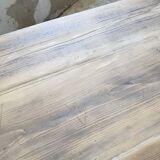 1950s pine farmhouse table 220cm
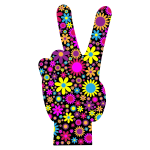Floral Peace Hand Sign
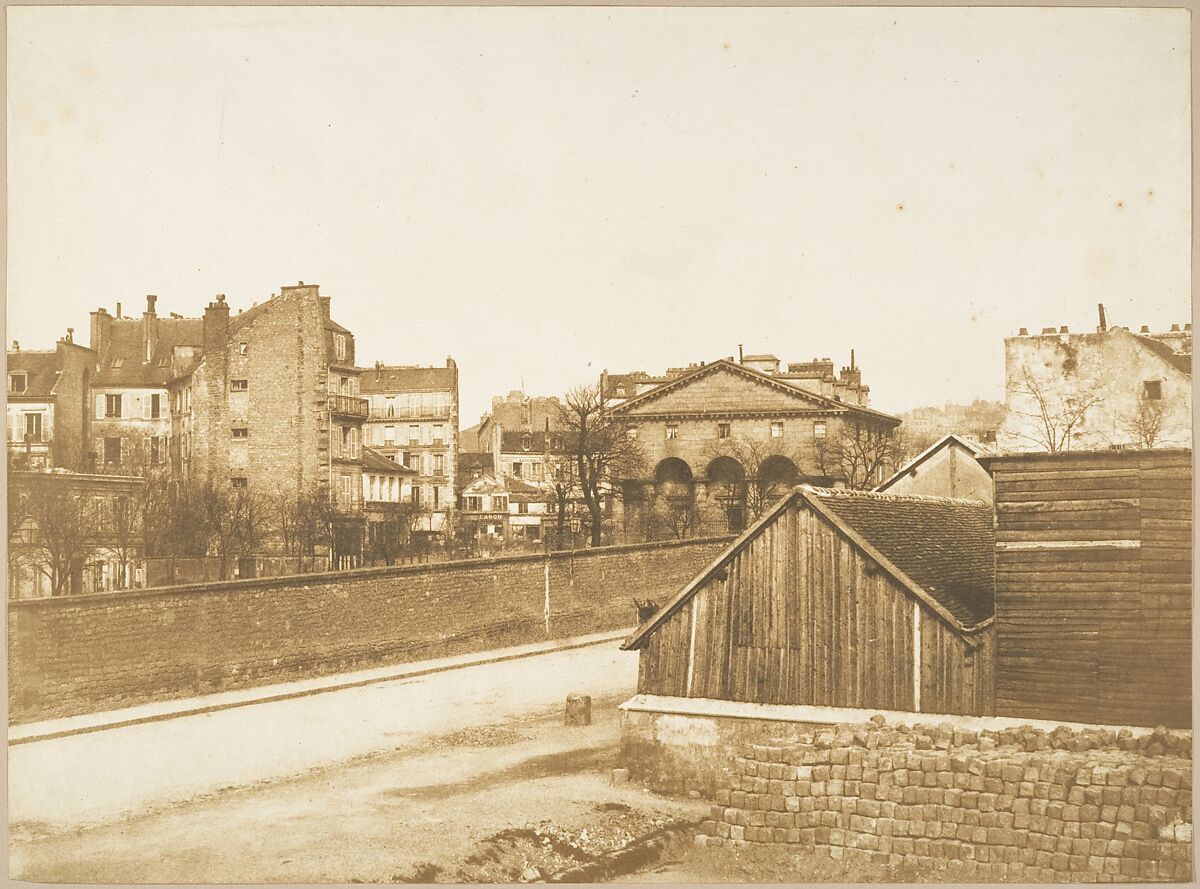 [View from Photographer's Studio], Gustave Le Gray (French, 1820–1884), Salted paper print from paper negative 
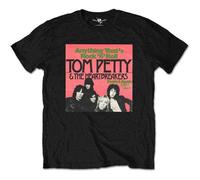 Rock Off Tom Petty & The Heartbreakers 'Anything' (Black) Unisex Short Sleeve T-Shirt (PETTS16MB, UK, Alpha, XL, Regular, Regular)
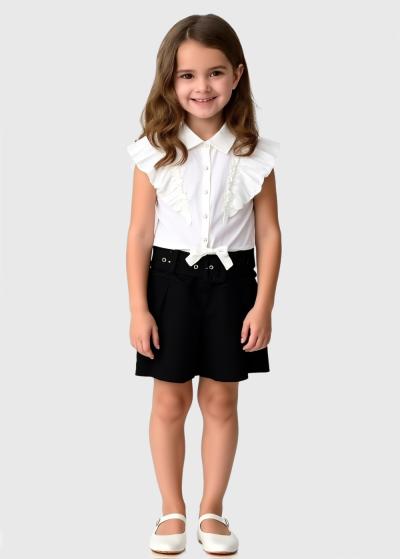 Villette melni svārki ar ieloci - back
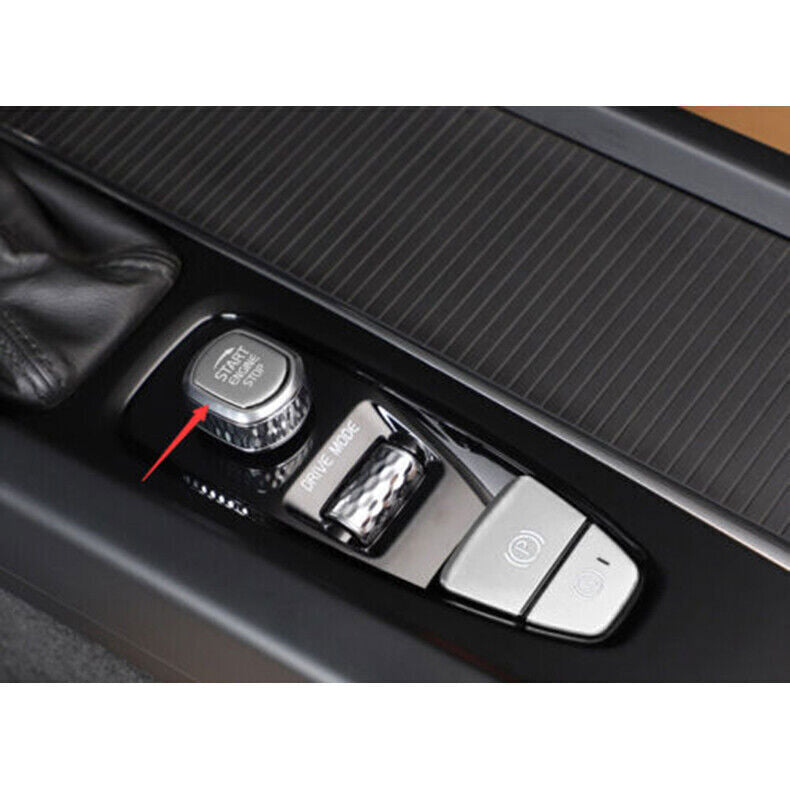 for Volvo S90 2017-22 Silver Console Gear Shift Box Button Switch Cover Trim3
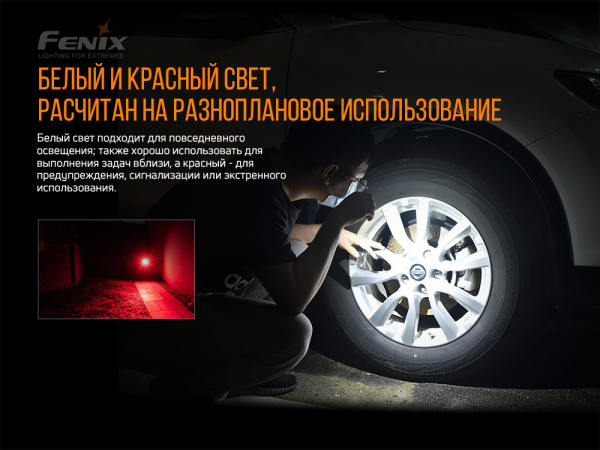 Ліхтар наключний Fenix E03R V2.0, сірий - фото №24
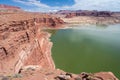 Hite Marina on Colorado River in Glen Canyon National Recreation Area Royalty Free Stock Photo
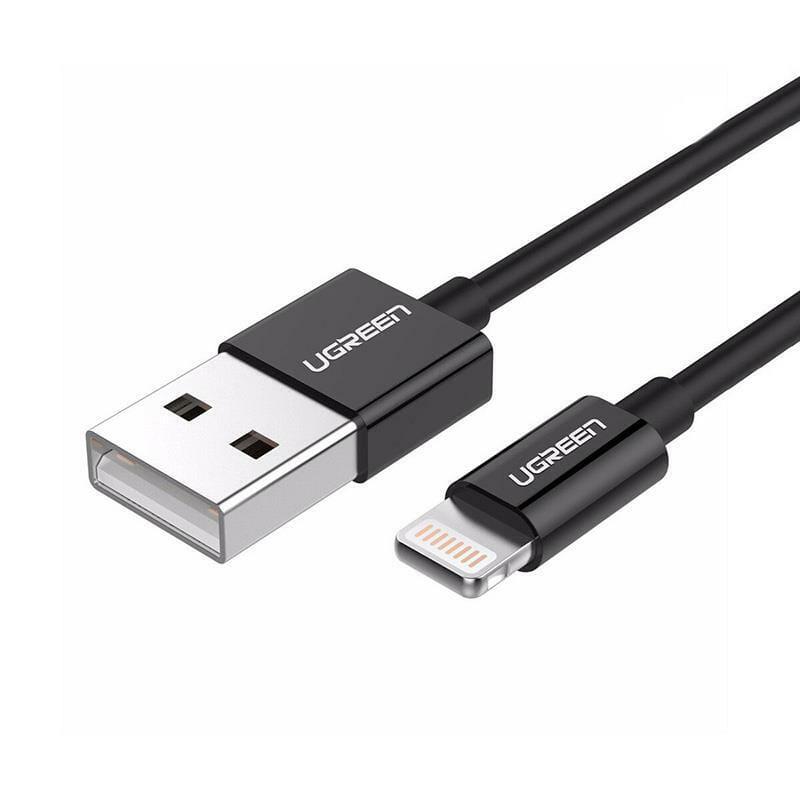 Кабель Ugreen USB - Lightning (M/M), 2 м, Black (80823)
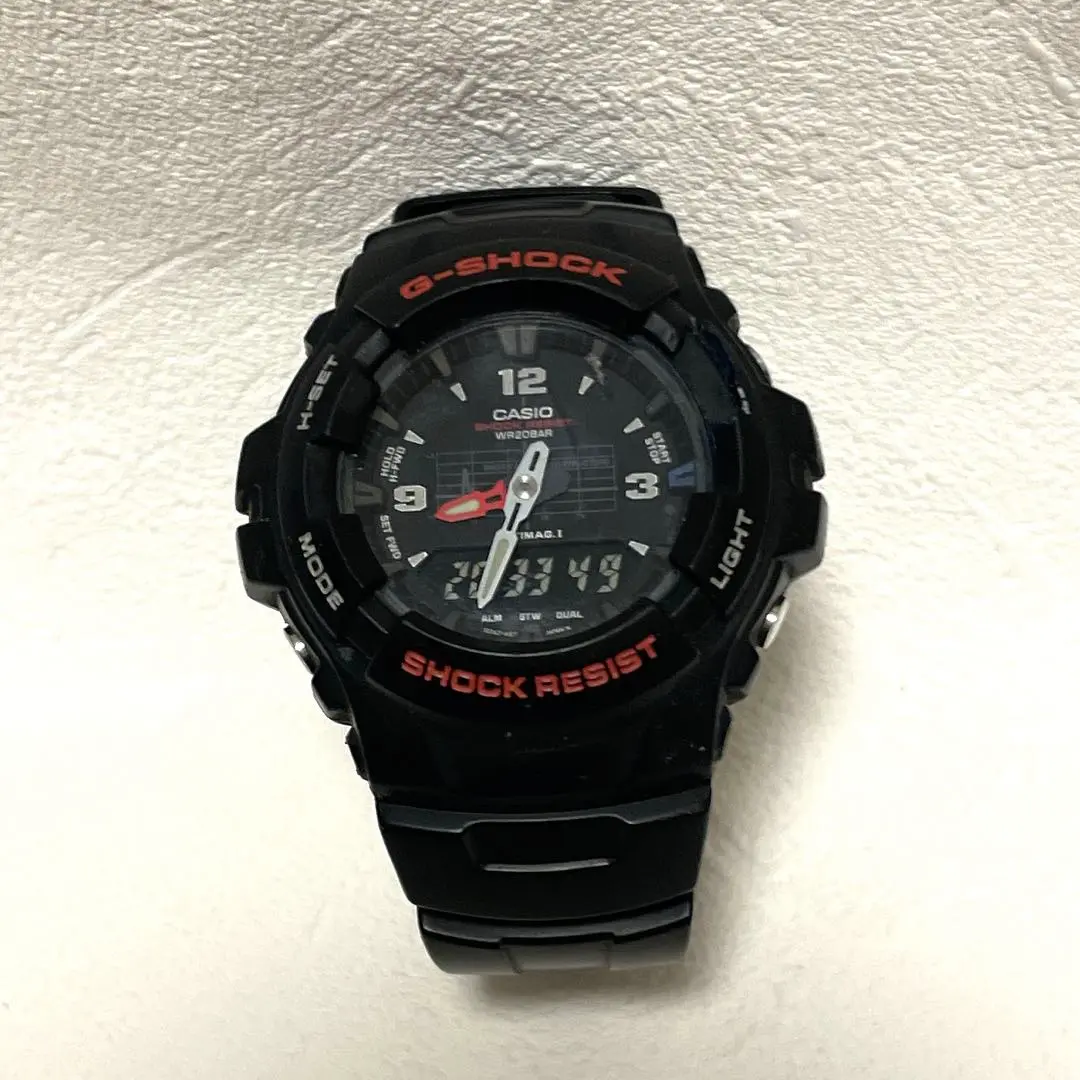 G-SHOCK RALLIART G-100 2327 ラリーアート Casio G-SHOCK G-100 (2327) Analog Digital 47mm Black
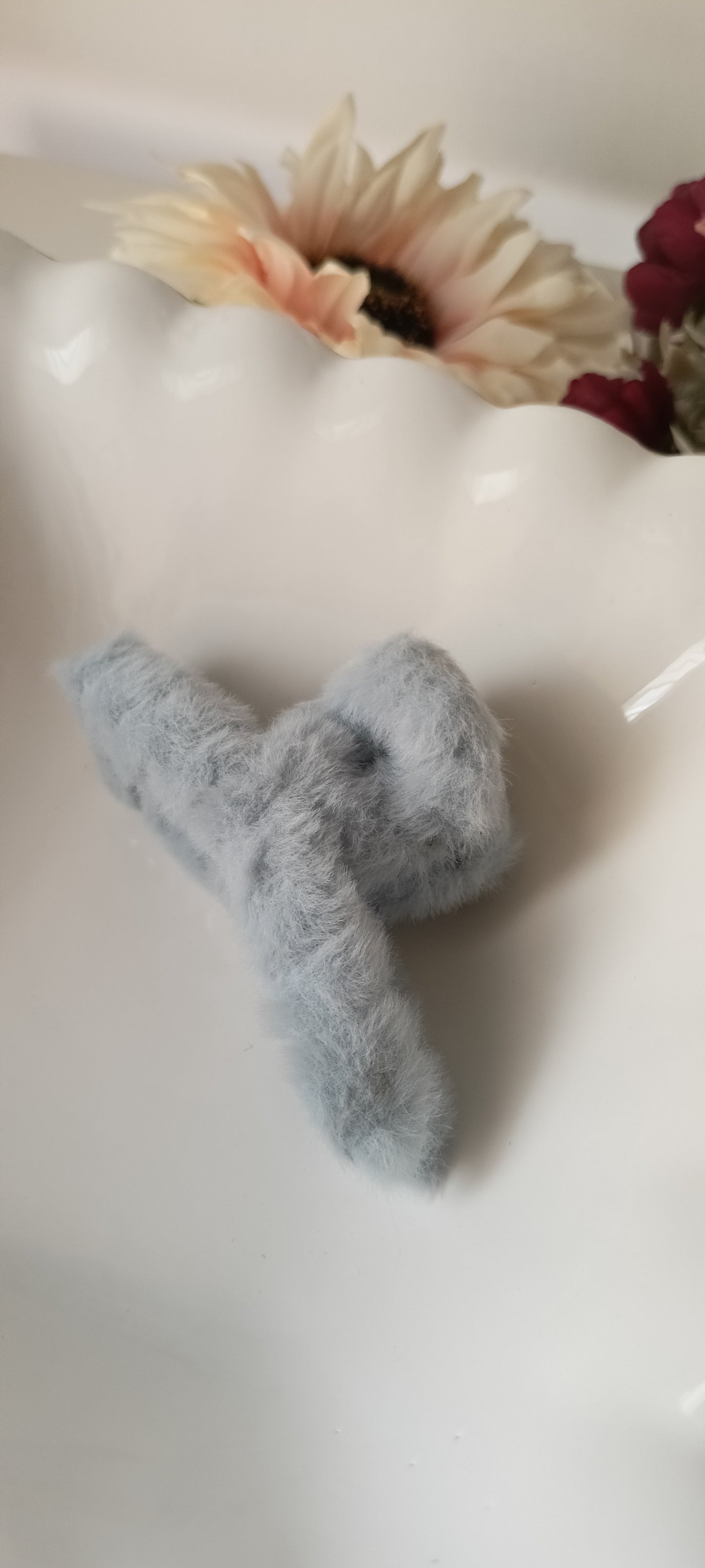 Fluffy Furry Claw Hair Clip - 11.5 cms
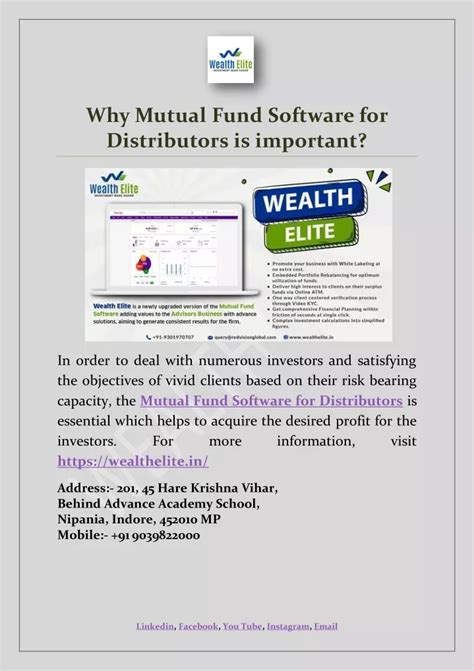 Ppt Why Mutual Fund Software For Distributors Is Important Powerpoint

============

TO DO: Give back the material word for word, without images.

ANSWER SPACE:
 1950s pine farmhouse table 220cm
Floral Peace Hand Sign
 [View from Photographer's Studio], Gustave Le Gray (French, 1820–1884), Salted paper print from paper negative 
 Rock Off Tom Petty & The Heartbreakers 'Anything' (Black) Unisex Short Sleeve T-Shirt (PETTS16MB, UK, Alpha, XL, Regular, Regular)
 Villette melni svārki ar ieloci - back
 for Volvo S90 2017-22 Silver Console Gear Shift Box Button Switch Cover Trim3
 Ліхтар наключний Fenix E03R V2.0, сірий - фото №24
 Hite Marina on Colorado River in Glen Canyon National Recreation Area Royalty Free Stock Photo
 Кабель Ugreen USB - Lightning (M/M), 2 м, Black (80823)
 G-SHOCK RALLIART G-100 2327 ラリーアート Casio G-SHOCK G-100 (2327) Analog Digital 47mm Black
 Fluffy Furry Claw Hair Clip - 11.5 cms
 Ppt Why Mutual Fund Software For Distributors Is Important Powerpoint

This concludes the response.